Although the listing contains pictures, reproduce only its text, exactly as written.

-- DATA PROVIDED follows --

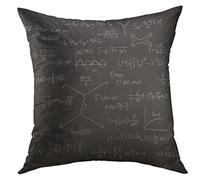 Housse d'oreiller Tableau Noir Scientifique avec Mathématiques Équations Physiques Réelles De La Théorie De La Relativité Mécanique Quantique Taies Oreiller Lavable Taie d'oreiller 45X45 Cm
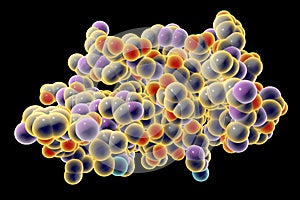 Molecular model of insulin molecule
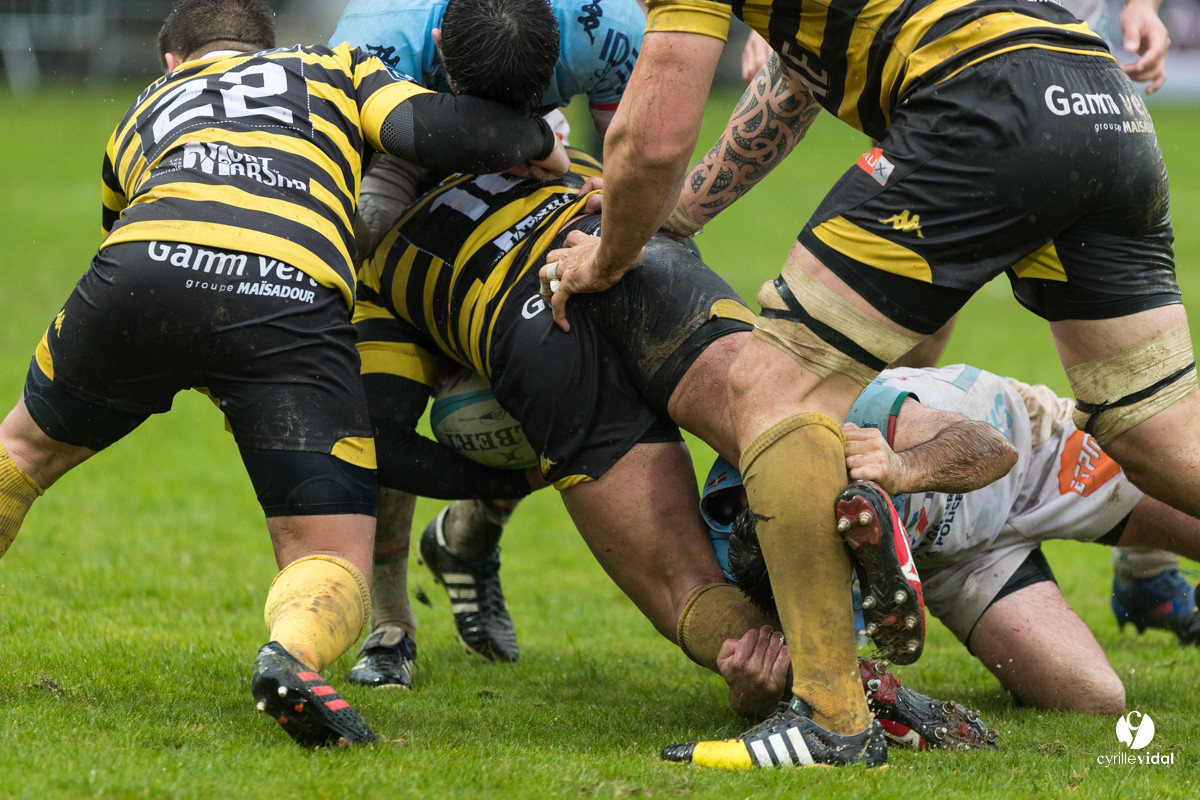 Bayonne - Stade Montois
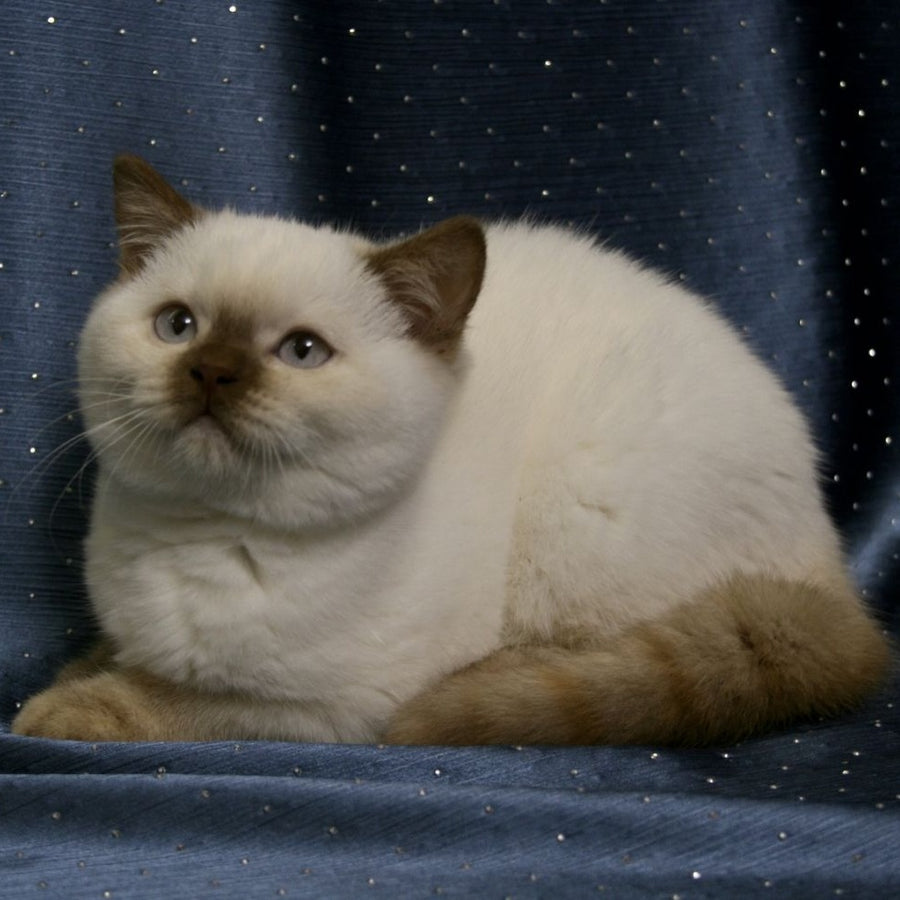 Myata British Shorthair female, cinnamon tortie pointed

-- DATA PROVIDED concluded --

* _ANSWER TO THIS PROBLEM_:
 Housse d'oreiller Tableau Noir Scientifique avec Mathématiques Équations Physiques Réelles De La Théorie De La Relativité Mécanique Quantique Taies Oreiller Lavable Taie d'oreiller 45X45 Cm
 Molecular model of insulin molecule
 Bayonne - Stade Montois
 Myata British Shorthair female, cinnamon tortie pointed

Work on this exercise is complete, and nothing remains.